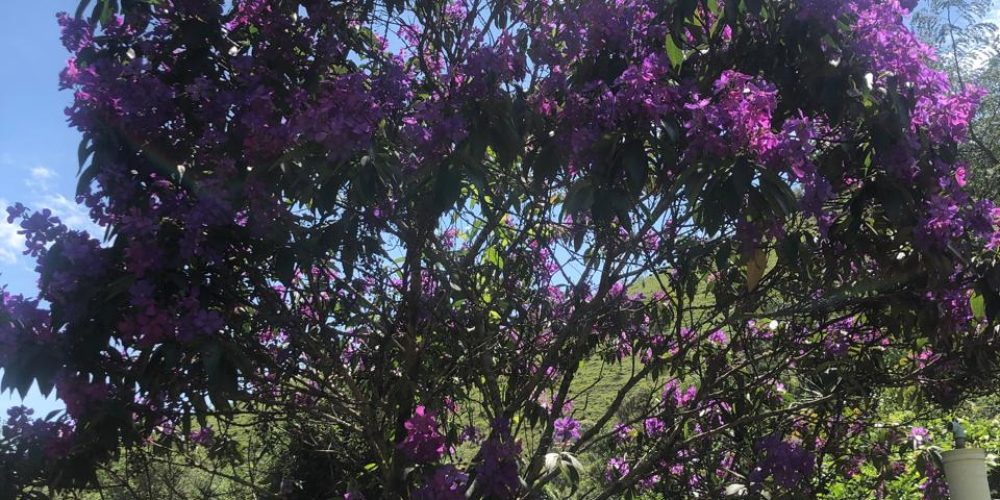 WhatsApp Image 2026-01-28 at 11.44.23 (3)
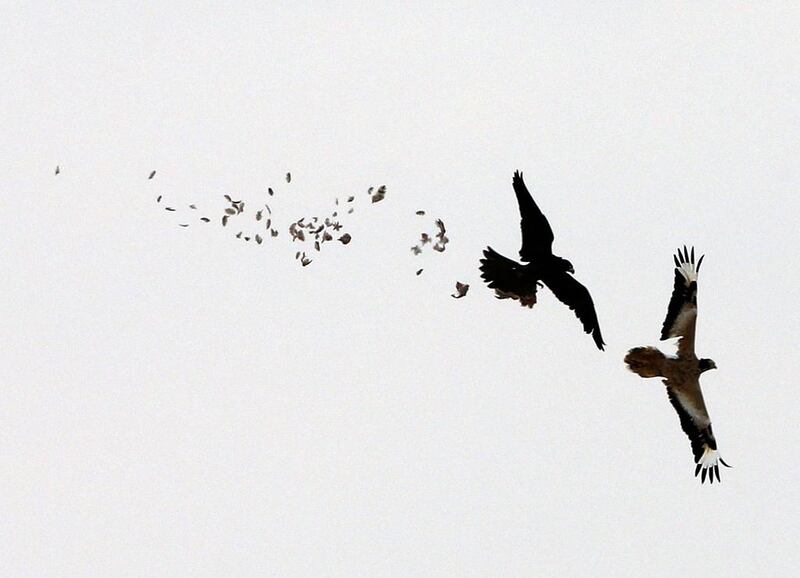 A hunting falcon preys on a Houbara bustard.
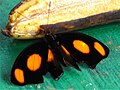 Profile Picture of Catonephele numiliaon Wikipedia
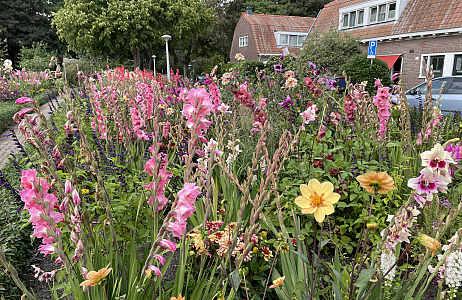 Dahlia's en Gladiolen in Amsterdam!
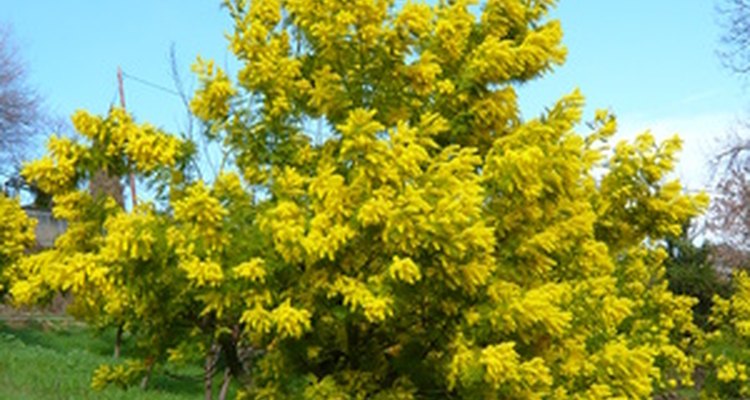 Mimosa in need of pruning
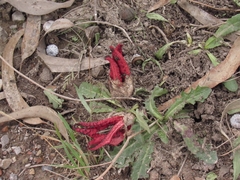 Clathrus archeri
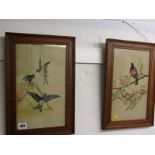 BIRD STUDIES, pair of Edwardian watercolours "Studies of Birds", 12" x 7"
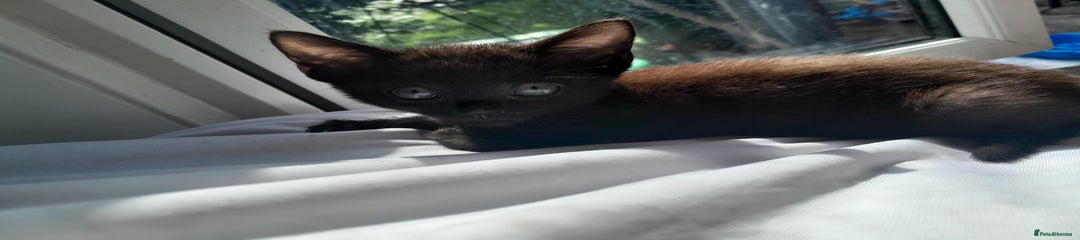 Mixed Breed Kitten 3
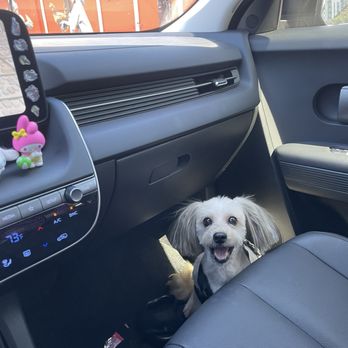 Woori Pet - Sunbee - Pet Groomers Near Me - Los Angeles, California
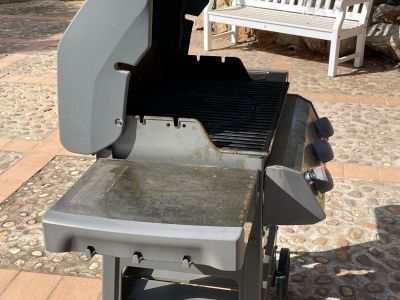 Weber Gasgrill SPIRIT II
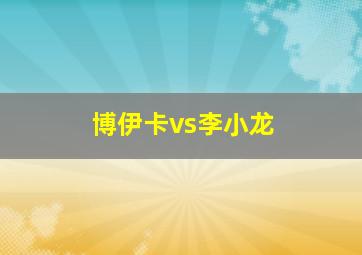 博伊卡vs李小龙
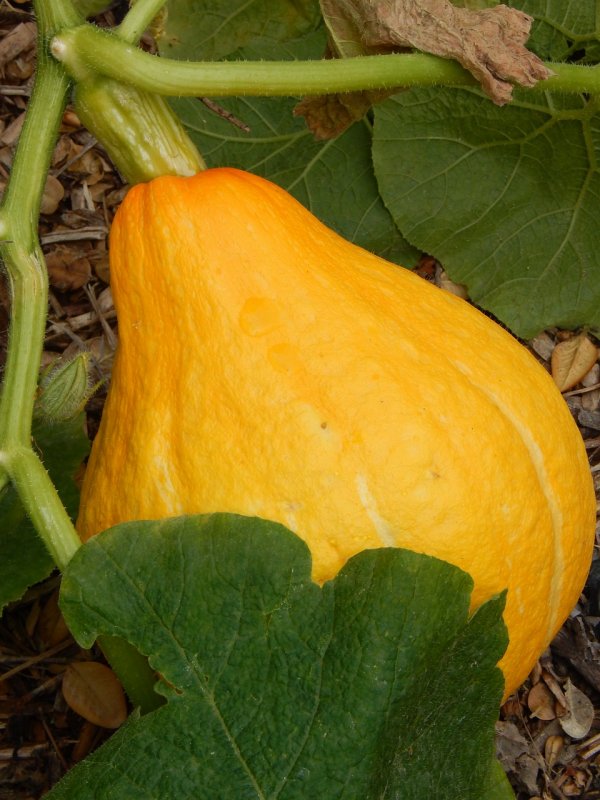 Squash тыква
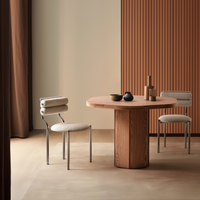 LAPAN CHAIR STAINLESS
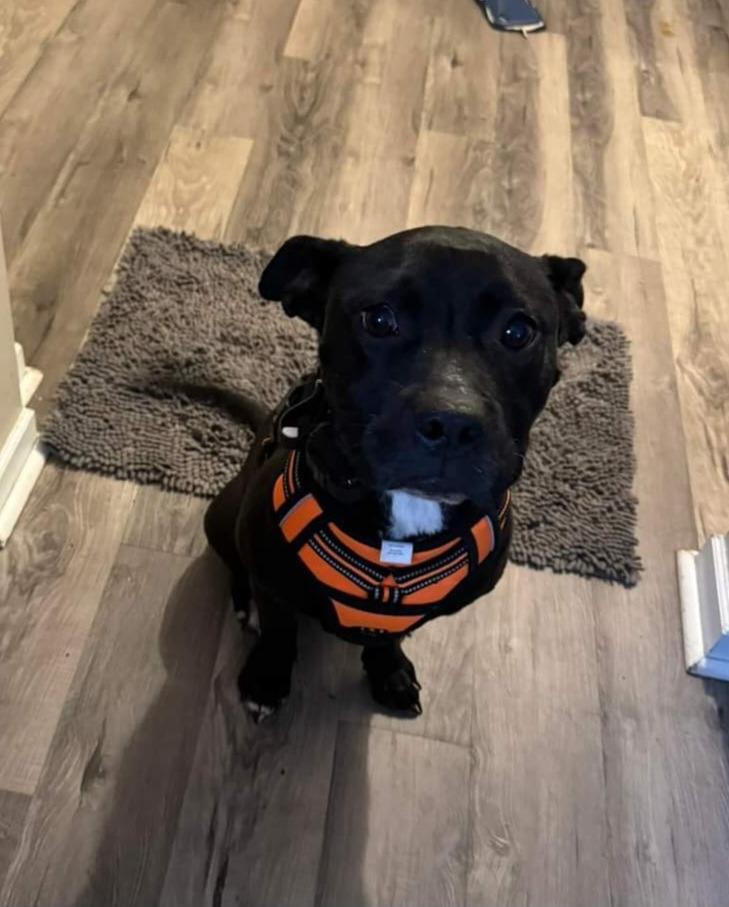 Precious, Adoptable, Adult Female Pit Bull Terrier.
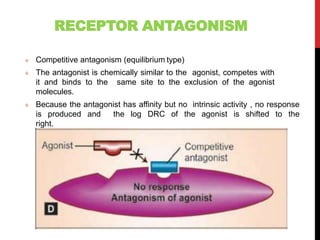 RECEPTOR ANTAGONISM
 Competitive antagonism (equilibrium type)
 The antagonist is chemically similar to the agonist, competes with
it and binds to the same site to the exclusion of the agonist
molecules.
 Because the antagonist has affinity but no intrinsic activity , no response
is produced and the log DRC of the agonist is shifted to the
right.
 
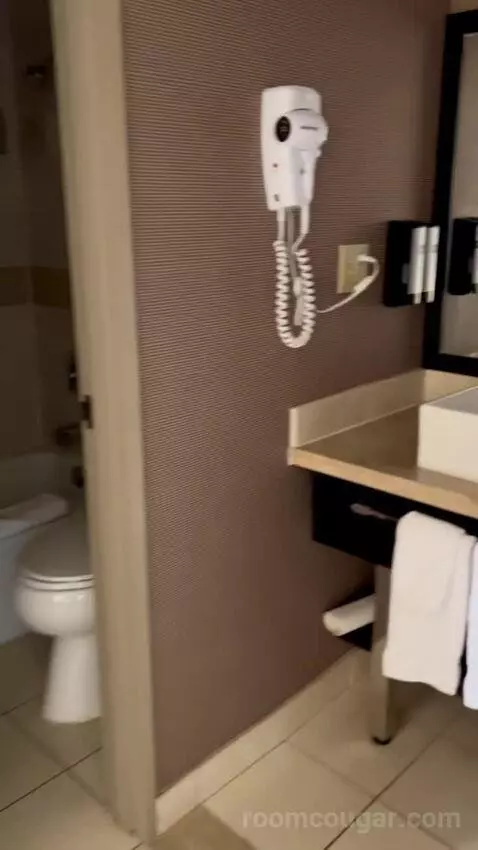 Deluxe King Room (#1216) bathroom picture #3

---

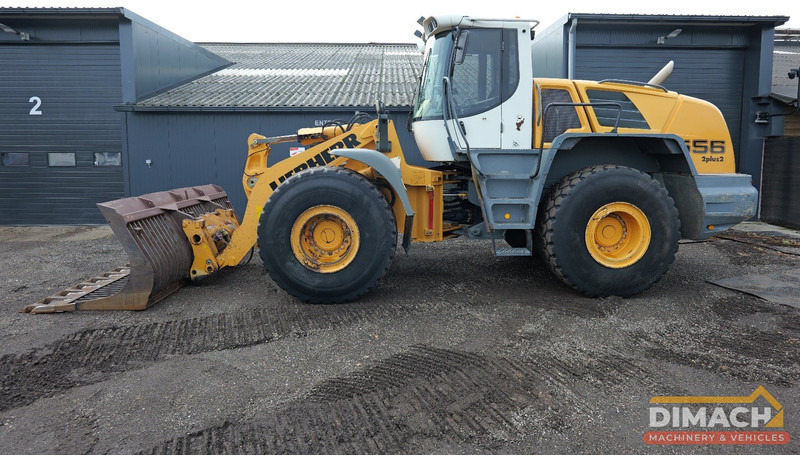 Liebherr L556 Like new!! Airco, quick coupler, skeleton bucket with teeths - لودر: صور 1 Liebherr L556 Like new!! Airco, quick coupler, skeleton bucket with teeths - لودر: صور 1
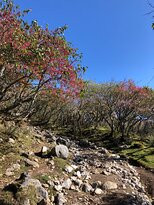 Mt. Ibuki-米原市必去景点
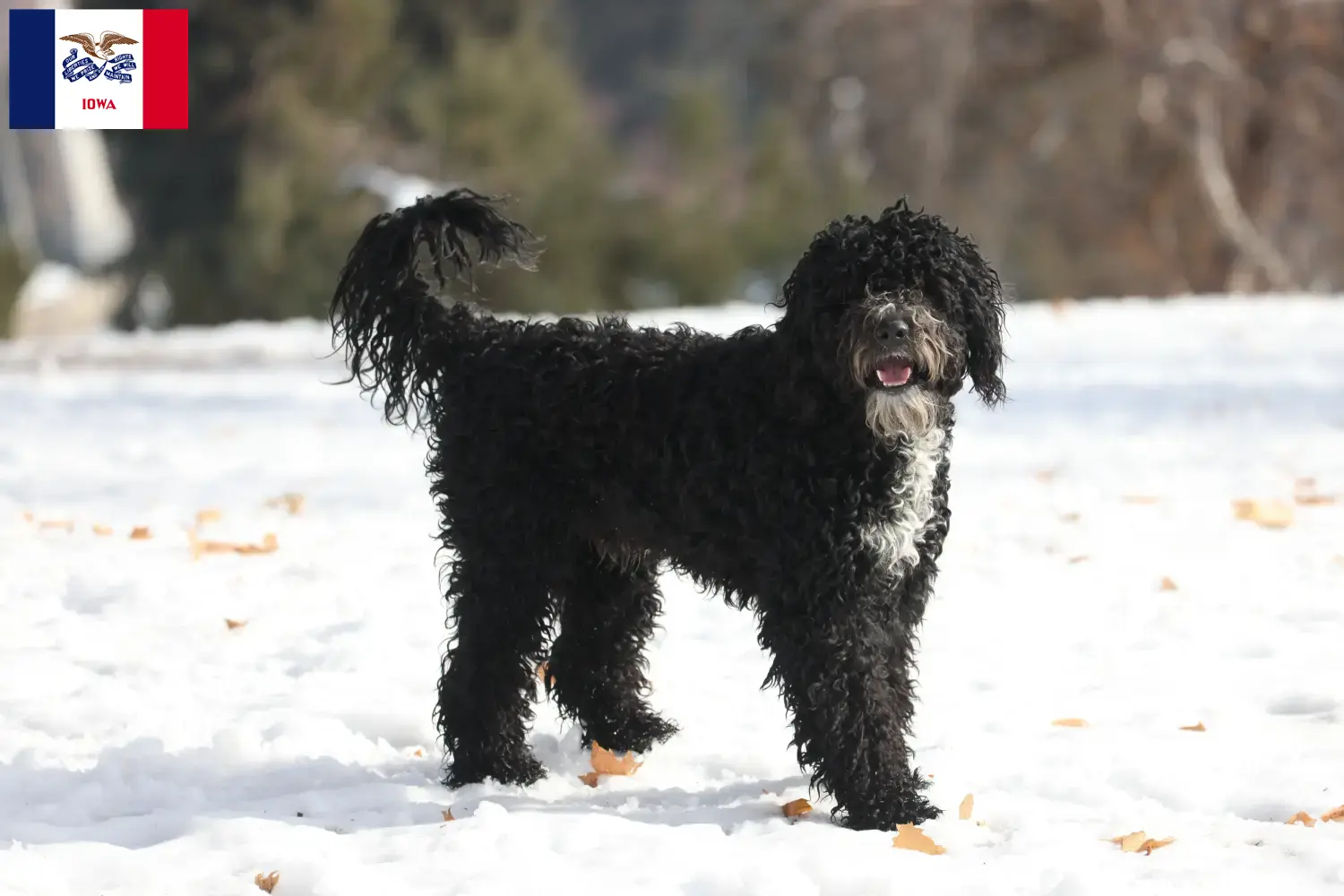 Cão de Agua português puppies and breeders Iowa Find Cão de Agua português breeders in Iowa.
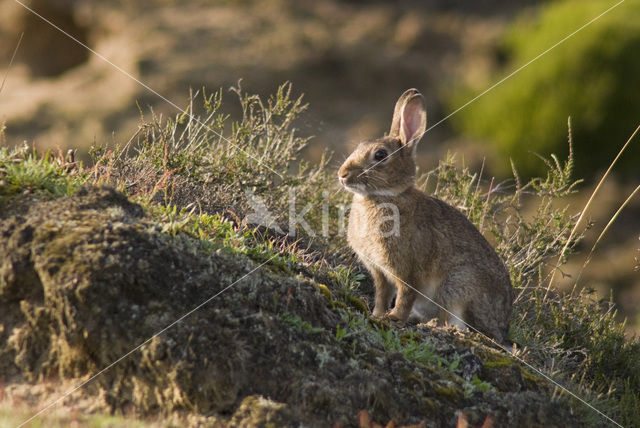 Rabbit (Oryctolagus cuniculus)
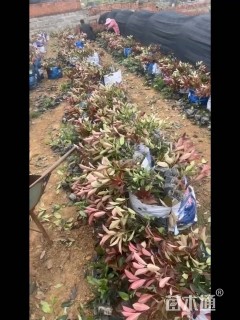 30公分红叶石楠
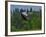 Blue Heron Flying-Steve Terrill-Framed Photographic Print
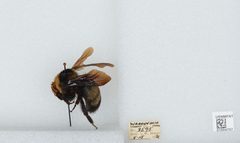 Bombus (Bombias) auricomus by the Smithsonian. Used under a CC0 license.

---

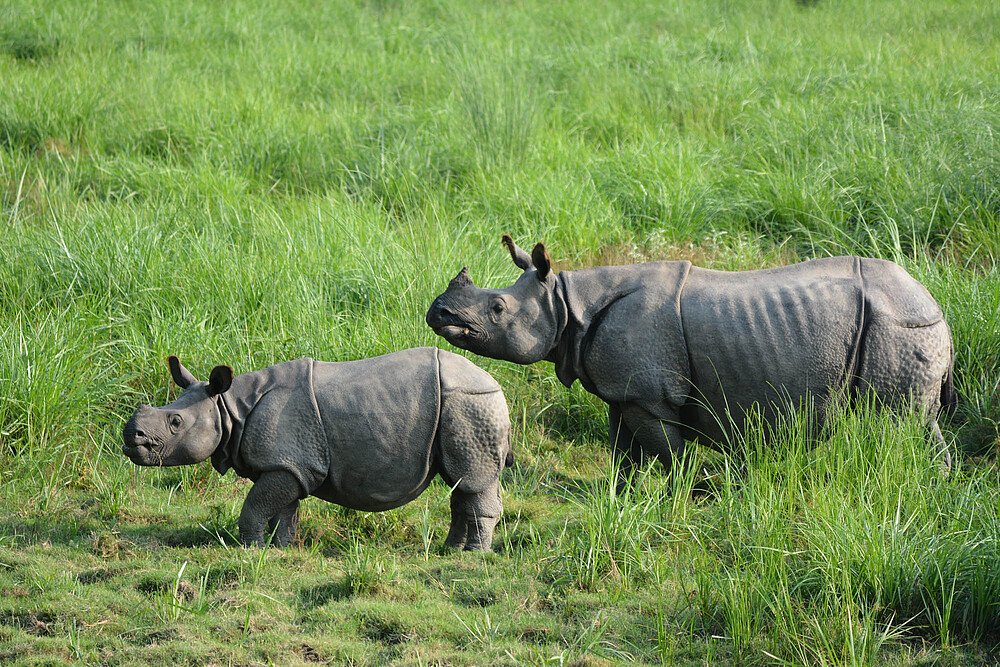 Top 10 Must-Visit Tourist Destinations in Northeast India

-- Exercise requirements --
Print nothing but the lines above starting with the line that contains "BIRD STUDIES, pair" and going on through the line that contains "Deluxe King Room (#1216) bathroom picture #3". Leave out the pictures.

-- Task solution --
 BIRD STUDIES, pair of Edwardian watercolours "Studies of Birds", 12" x 7"
 Mixed Breed Kitten 3
 Woori Pet - Sunbee - Pet Groomers Near Me - Los Angeles, California
 Weber Gasgrill SPIRIT II
 博伊卡vs李小龙
 Squash тыква
 LAPAN CHAIR STAINLESS
 Precious, Adoptable, Adult Female Pit Bull Terrier.
 RECEPTOR ANTAGONISM
 Competitive antagonism (equilibrium type)
 The antagonist is chemically similar to the agonist, competes with
it and binds to the same site to the exclusion of the agonist
molecules.
 Because the antagonist has affinity but no intrinsic activity , no response
is produced and the log DRC of the agonist is shifted to the
right.
 
 Deluxe King Room (#1216) bathroom picture #3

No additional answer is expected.